And in the process, sort of give a a more white glove experience for less technical users, especially for users that know enough scripting to kind of, like, write some SQL or read a little bit of code, but not so much that they could design their own pipeline or dig through logs to find references to other code bases. So a lot of the step into notebooks is that it was, looked at as a strategic bet for what interface might be a good future shared interface between analysts, data engineers, and, you know, professional coders as well as, machine learning, developers that could all kind of represent the same executed code with some closely coupled logs and good visualizations all in the same place. So it becomes like this this artifact that you can share with a lot of different user groups that's common and easy to transport.
[00:03:59] Unknown:
And what are some of the places that you have not yet deployed notebooks to, or that you are consciously deciding not to, implement using that notebook interface? And what are some of the other areas where you are pushing notebooks into common use and just some of the differences that denote when is a good place to use the notebook versus not. Yeah. For sure. And that that's gonna
[00:04:28] Unknown:
I'll maybe break that into some pieces because I think there's a lot of, interesting topics in there. 1 thing at Netflix we've done is we haven't done a really, like, heavy handed approach in the sense that we force, like, development to all be in notebooks and, you know, notebooks or nothing else. But it's more of the emphasis that, with the the way we're doing so around scheduling notebooks in particular, a lot of users don't know they're using notebooks yet, so they're getting gradually introduced to notebooks. So we're not forcing them to rewrite scripts that have been sitting around for 4 years or or SQL that's been there since that table existed. What's end up happening is is we're migrating them on systems.

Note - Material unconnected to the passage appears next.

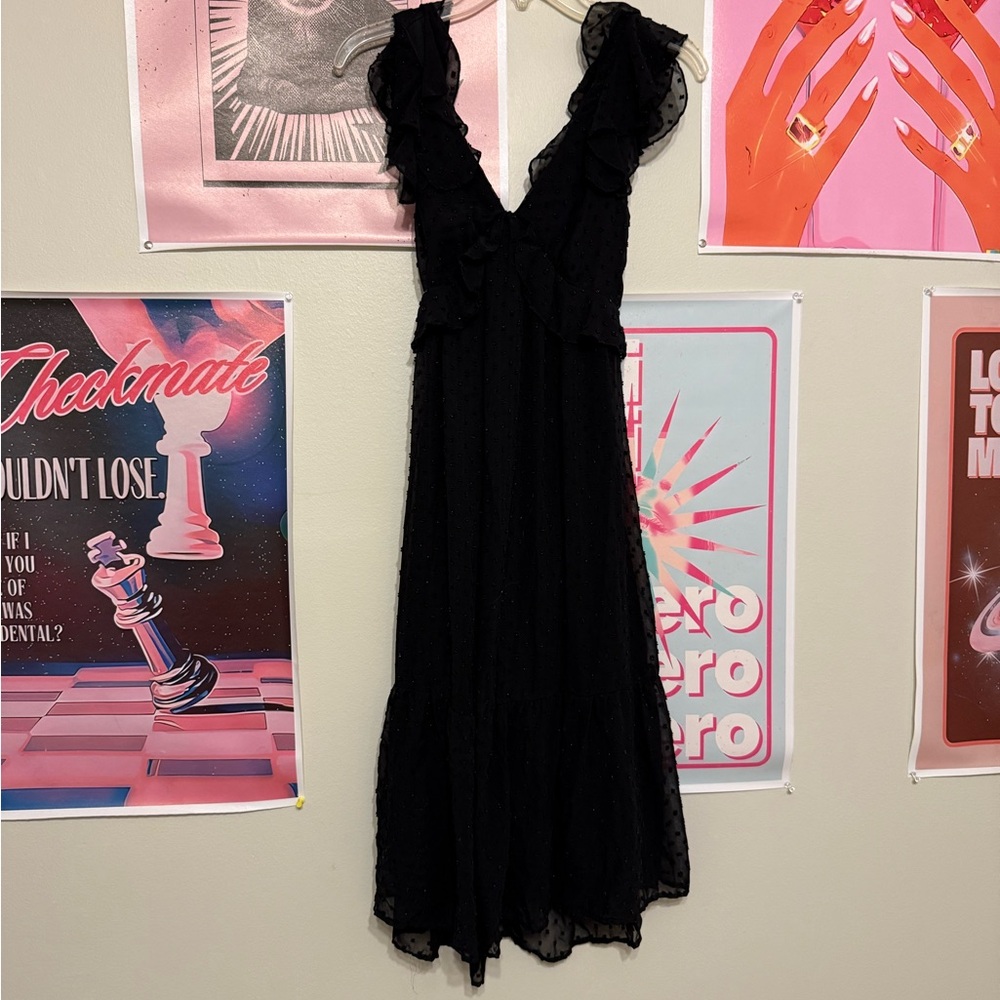 Black Ruffle V-Neck Maxi Dress, open back.
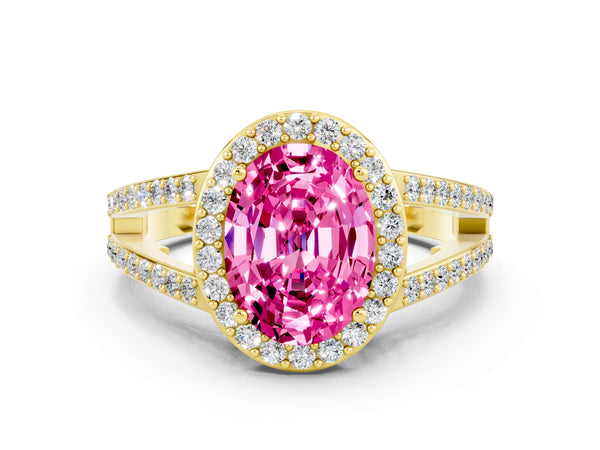 Yellow gold Oval Cut Pink Sapphire Halo Ring with Split Shank U-Prong Band and Four-Prong Setting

The thing that's actually executing the workload that they're running is a notebook. Kind of you think of it almost like a a job template. And for users that haven't been familiar with notebooks, it sort of gets them like they could see the outcome of their work that's running is is starting to look at a notebook. So if you wanna debug it, if you wanna see what ran, you wanna rerun it, you basically always end up at the same notebook interface. So places we're introducing this a lot and kind of pushing it is really as, an integration tool. So it's something that is a great place to express how to connect a few pieces and run something in a linear fashion. And we've also kind of from the other side sort of been this idea that on a lot of model development, many times machine learning developers work on notebooks, and in particular, Jupyter or Zeppelin notebooks are probably the most common, at least here. And they'll they'll do some iterating cycles. And if they get done of it, it's hard for them to kind of productionalize or rip that code out of a notebook and put it someplace else. So So the places where we emphasize it is, you know, if you have a notebook and it runs well and it's something that's easy for you to understand, like, why rewrite the whole thing and risk failure of of transferring that knowledge? And then on the other side is sort of introducing people that, you know, this is a way to express how to, you know, execute a controlled context of of code that you wanna, fulfill without needing to necessarily write all that code in a notebook initially. And in the middle where we're not pushing this really hard is, like, your everyday professional, like, maybe, like, a data, you know, a data engineer knows exactly what they're doing or a, you know, a back end developer that's maintaining systems. They may not touch the notebooks as much directly. We don't necessarily emphasize it. But in a few places where they're doing kinda like 1 off tasks, like, let's say doing some janitor cleanup of some old data and trying to, like, keep track of what they deleted. It's a really good form factor we try and introduce there and and emphasize, like, the ability to see what every run did and have, like, nice visualizations of the the actions you took. And having the
[00:06:57] Unknown:
embeddable pros as some rich metadata that can live along with the code can be very useful as well, particularly since that's 1 of the holy grails of data infrastructure in general is being able to have that extra information about the whys and wherefores of the different processes and the different schemas, etcetera. Yeah. But at the same time, it can be difficult to surface that in any sort of automated fashion. So I imagine it adds a bit of cognitive or overhead and manual process to be able to take advantage of that extra information.
[00:07:32] Unknown:
To a degree, I think in the really controlled context, like, where we're scheduling work on behalf of user or, you know, we have some sort of operational task, it's not so much overhead to introduce a notebook into that equation. Matter of fact, the project I've been working on a lot this past year has been, using a library called Papermill to execute notebooks on demand. And what that basically has enabled is the whole new scheduler. Everything's built around executing notebooks. And, we can still execute, like, other types of work, and we do a few times. But I would say at this point, we're like 95% of the work that's executing on that executing on that scheduler is all notebook. And it's actually been pretty easy to adopt that way. Where the notebook really shines in that case is that it almost becomes a report of what you did, and it's got high reproducibility.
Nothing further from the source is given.